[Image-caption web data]
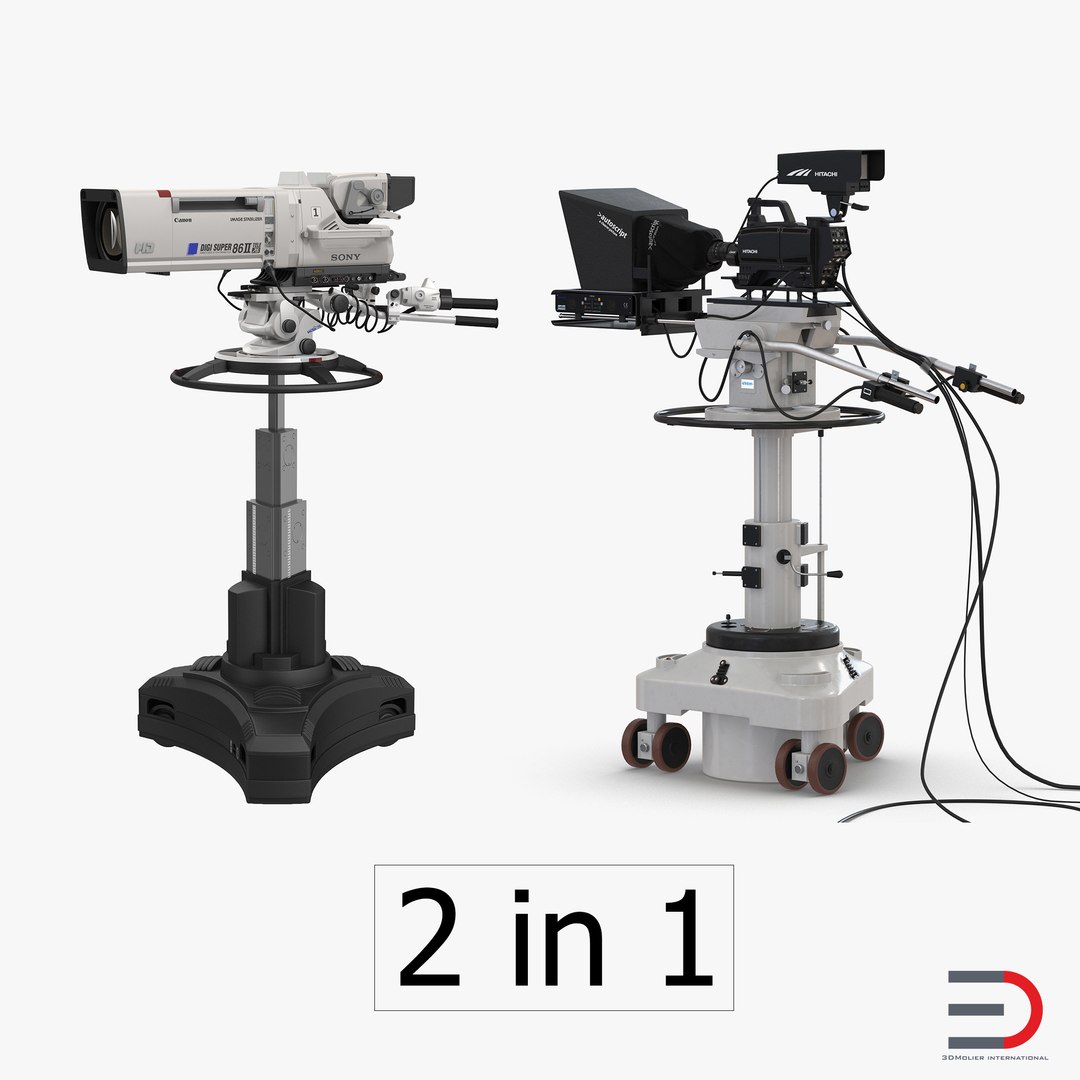 TV Studio Cameras Collection 3D model preview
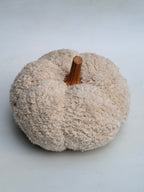 Plush Cream Sherpa Fabric Pumpkin Decor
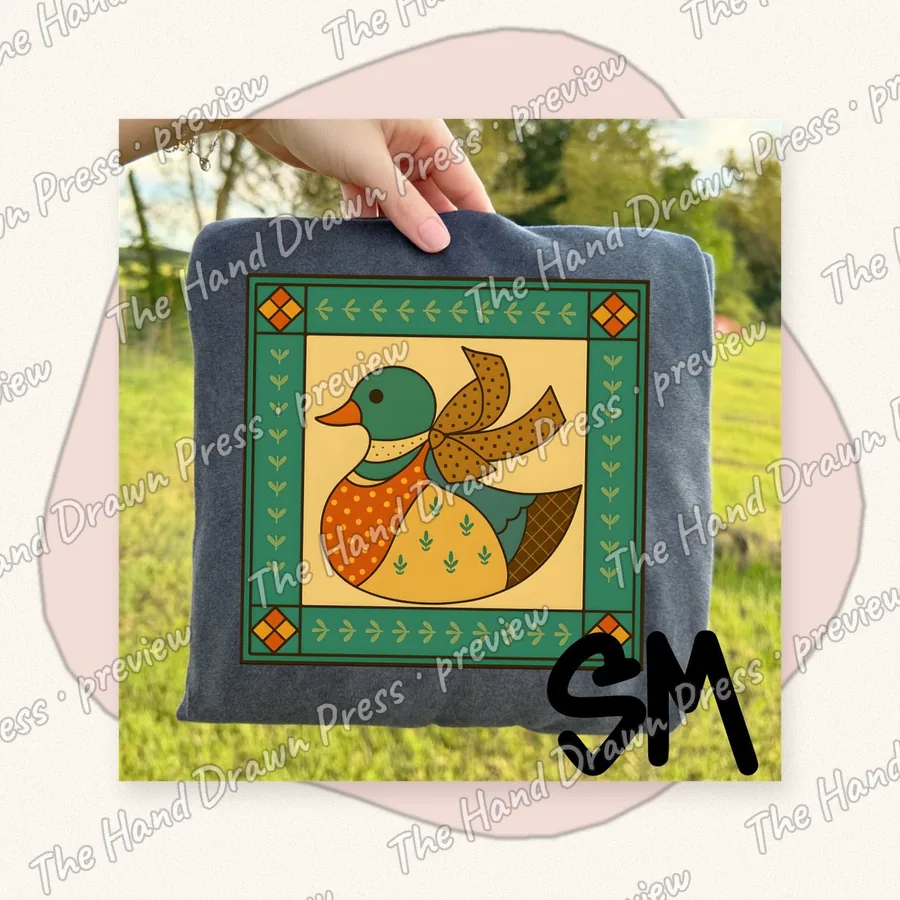 Cross Stitch Mallard hand drawn PNG design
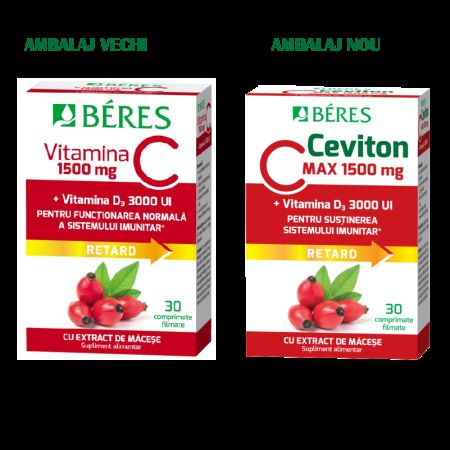 Vitamina C 1500 mg + Vitamina D3 3000 UI Retard, 30 comprimate filmate, Beres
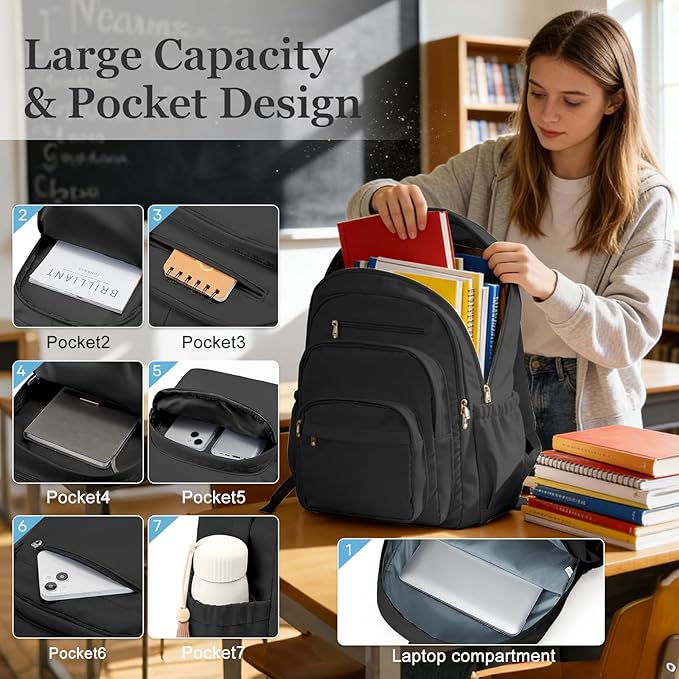 Black College Backpack For Women Men,Lightweight High School Bag,School Backpack With Lots Of Pockets,Cute Bookbag For Teens Boys Girls,Casual Daypack Backpack For School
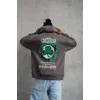 Erkek Baskılı Kapüşonlu Ve Kordon İpli Sweat - Gri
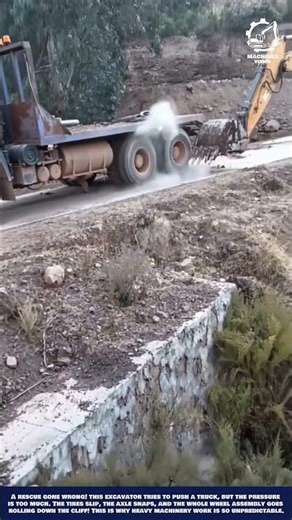 Dramatic Heavy Duty Excavator Fail: Pushing Force Causes Truck Tire to Snap and Roll Downhill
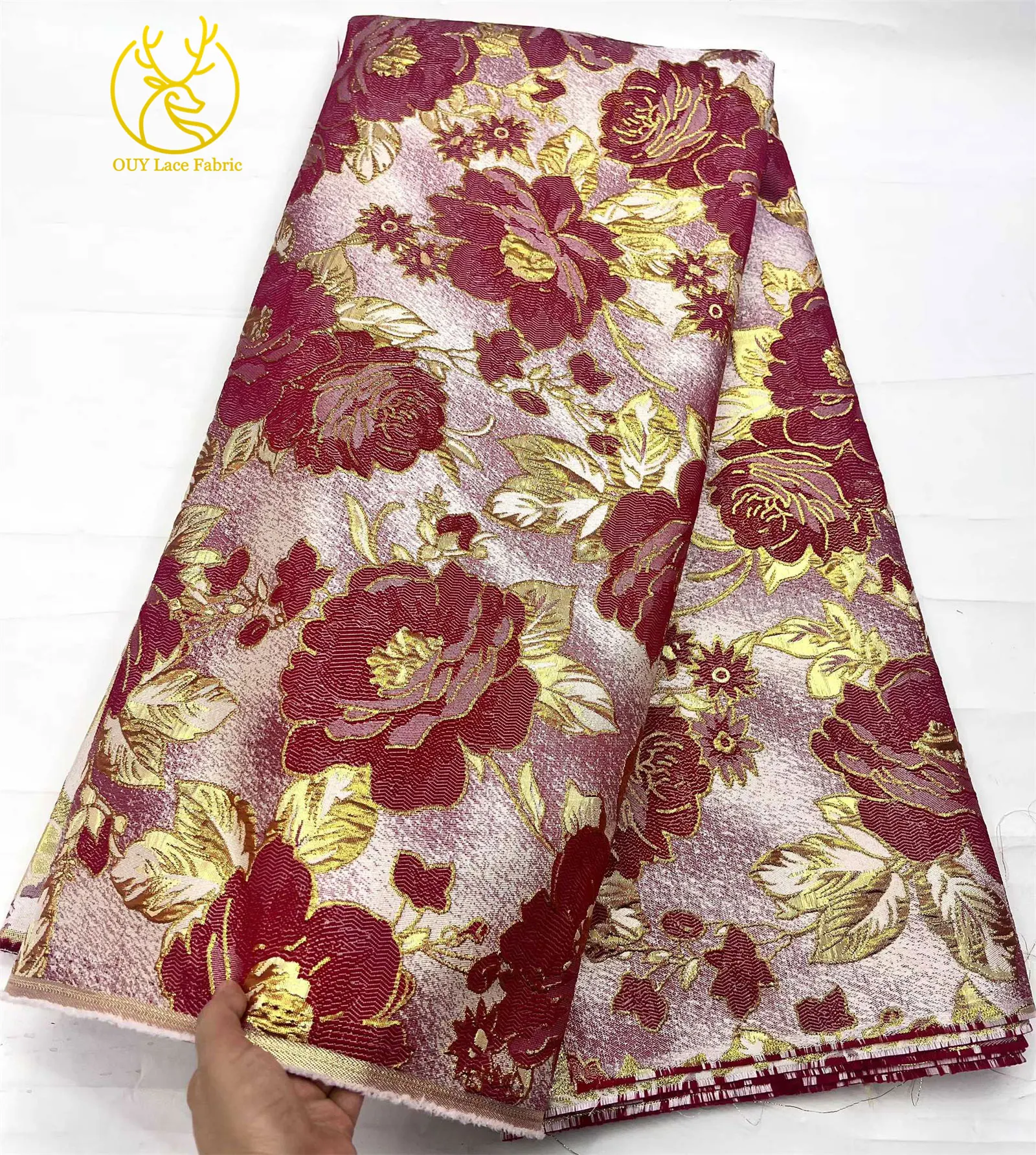 Großhandel afrikanischer Jacquard-Spitzenstoff 2026 Hochwertiger nigerianischer Spitzenstoff Damen-Partykleid-Nähmaterial 5 Yards – Detail 9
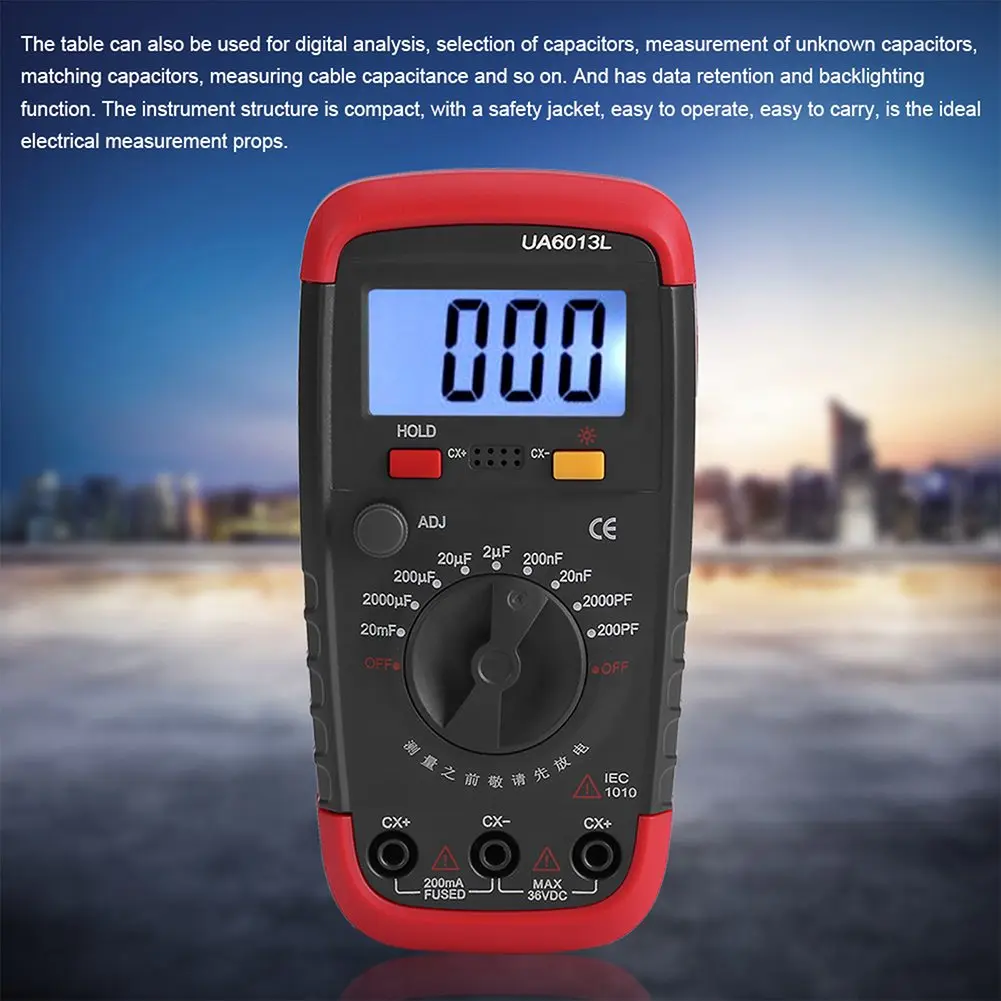 6013L Capacitance Meter for Electrical Testing Featuring 26 mm Digit Height for maximum Display 1999 and Low Battery Indicator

What the task asks => Output the line that contains "Großhandel afrikanischer Jacquard-Spitzenstoff" and every subsequent line through the end of the entries, exactly as given, without pictures.

Answer section =>
 Großhandel afrikanischer Jacquard-Spitzenstoff 2026 Hochwertiger nigerianischer Spitzenstoff Damen-Partykleid-Nähmaterial 5 Yards – Detail 9
 6013L Capacitance Meter for Electrical Testing Featuring 26 mm Digit Height for maximum Display 1999 and Low Battery Indicator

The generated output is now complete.